Stocks declined on Tuesday as wrangling continued in Washington over budget talks, while homebuilders' stocks outperformed the broader market after positive data.
Strengthening the case for a sustained rebound in housing, single-family home prices rose for an eighth straight month in September. The PHLX housing sector index <.HGX> advanced 0.5 percent, with all but one of its 19 components posting gains.
"As long as you have interest rates as low as they are right now, housing is definitely back," said Brian Amidei, managing director at HighTower Advisors in Palm Desert, California.
Despite strong housing data, an increase in planned business spending and a more than 4-year high in consumer sentiment, traders were cautious as politicians in Washington made little progress in dealing with the "fiscal cliff."
Markets have lately focused on whether Congress and the White House can agree on ways to avoid some $600 billion in automatic spending cuts and tax increases that are due to kick in early next year.
"If there's any reason why the (stock) market has stalled out, it's because large investors have decided to step back and see this play out, because I think they're very aware of how important this is," said Hugh Johnson, chief investment officer of Hugh Johnson Advisors LLC in Albany, New York.
The Dow Jones industrial average <.DJI> fell 74.53 points, or 0.57 percent, to 12,892.84. The S&P 500 Index <.SPX> dropped 5.68 points, or 0.40 percent, to 1,400.61. The Nasdaq Composite Index <.IXIC> shed 4.80 points, or 0.16 percent, to 2,971.98.
The S&P 500 was holding at 1,400, a key psychological level it reclaimed last week. Last week, the S&P 500 gained nearly 4 percent.
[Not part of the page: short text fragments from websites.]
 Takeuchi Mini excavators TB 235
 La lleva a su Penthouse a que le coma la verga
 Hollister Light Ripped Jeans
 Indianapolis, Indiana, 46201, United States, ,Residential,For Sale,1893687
As budget talks linger, Las Vegas Sands and Supertex added their names to a growing list of companies announcing special dividends aimed at helping investors avoid a possibly higher tax burden next year.
Las Vegas Sands jumped 5.5 percent to $46.46. Supertex rose 3.4 percent to $17.41.
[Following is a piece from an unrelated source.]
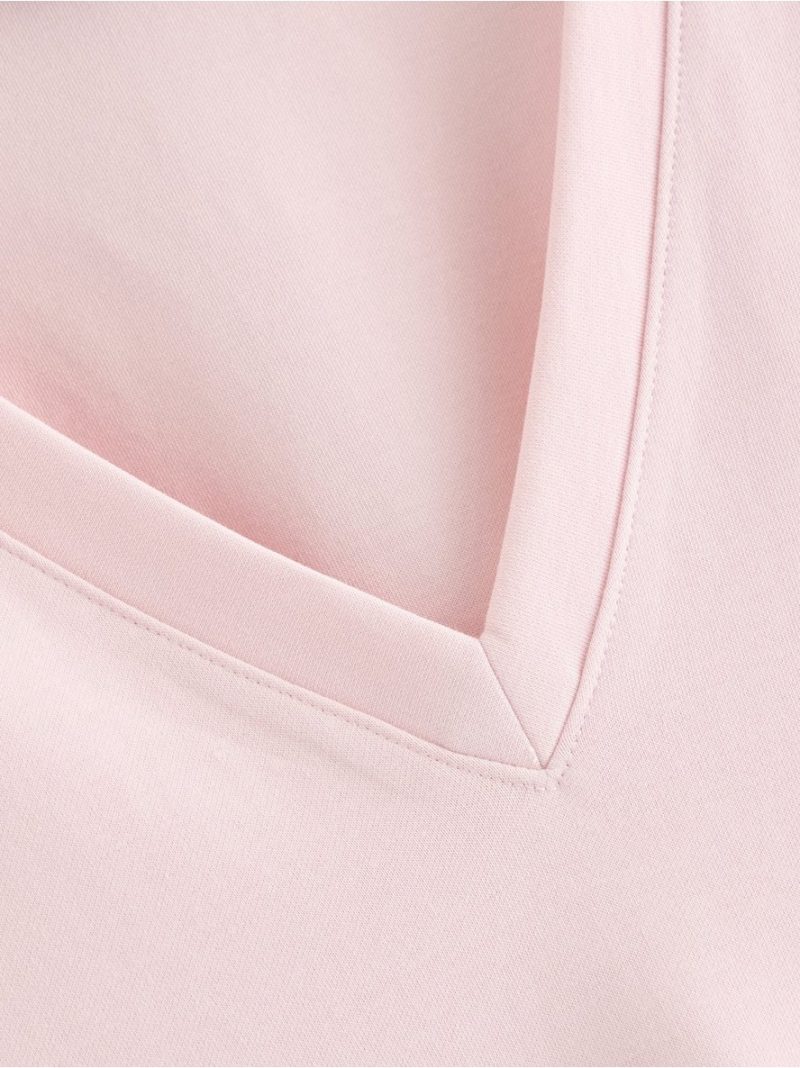 T-shirt with v-neck - 3008200-7561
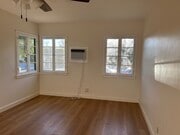 Photo - 1031 E Glenoaks Blvd Unit 1031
Food maker Ralcorp Holdings shares jumped 26.5 percent to $88.82 after long-time suitor ConAgra Foods sealed a deal to buy it for $5 billion. ConAgra shares gained 4.3 percent to $29.50.
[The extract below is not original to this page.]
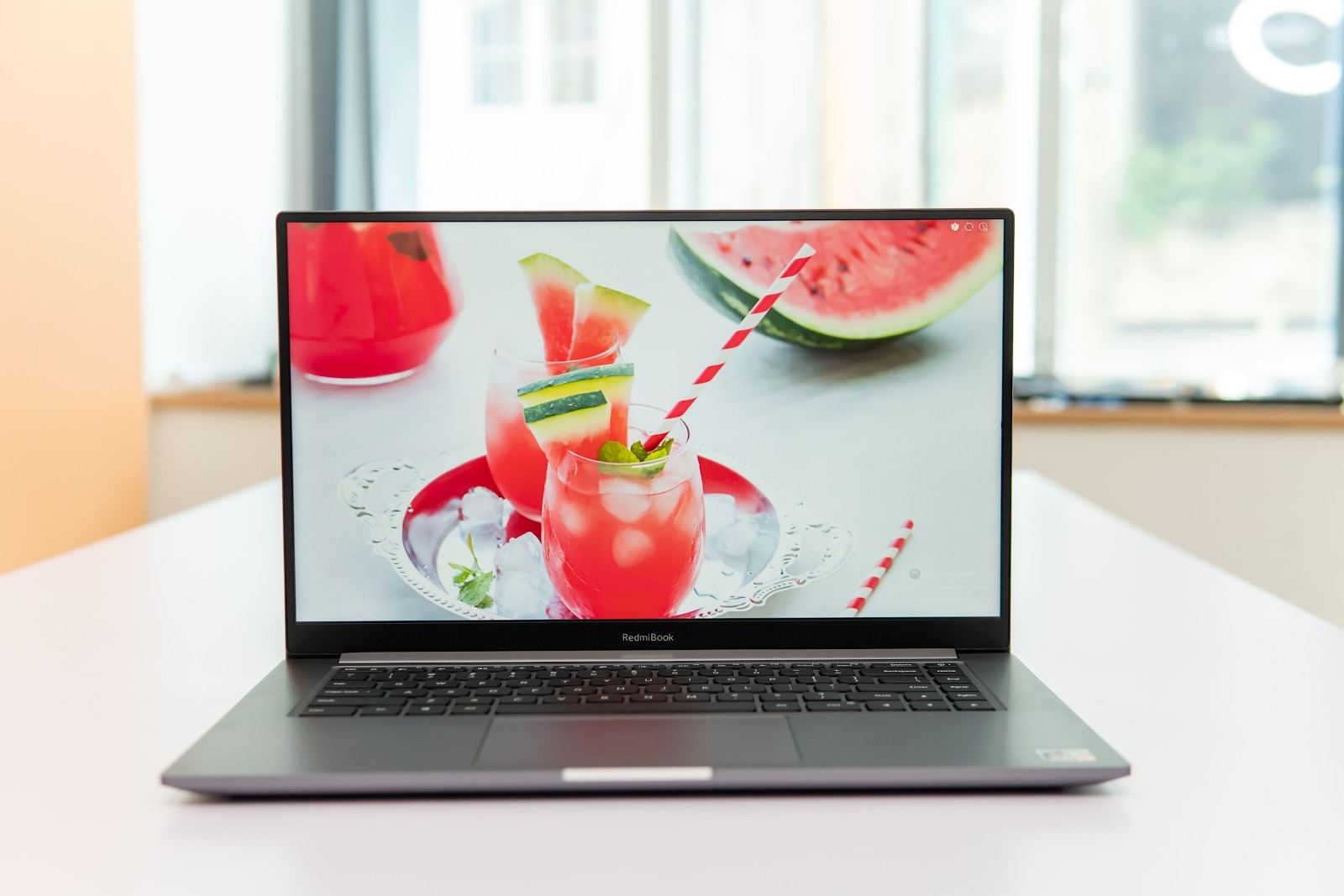 laptop cho sinh viên ngành khoa học máy tính 2024 - hình 2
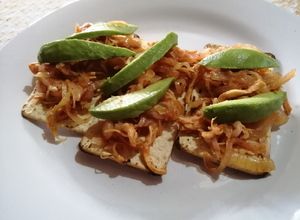 Una foto de Carne Polaca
Corning Inc shares rose 6.7 percent to $12.11 after the specialty glass maker said it expects full-year sales of its Gorilla glass, used in smartphones and tablets, to approach $1 billion.
McMoRan Exploration Co shares tumbled 11.8 percent to $8.51 a day after the oil and gas driller gave a disappointing update on a key gas prospect in a Gulf of Mexico well.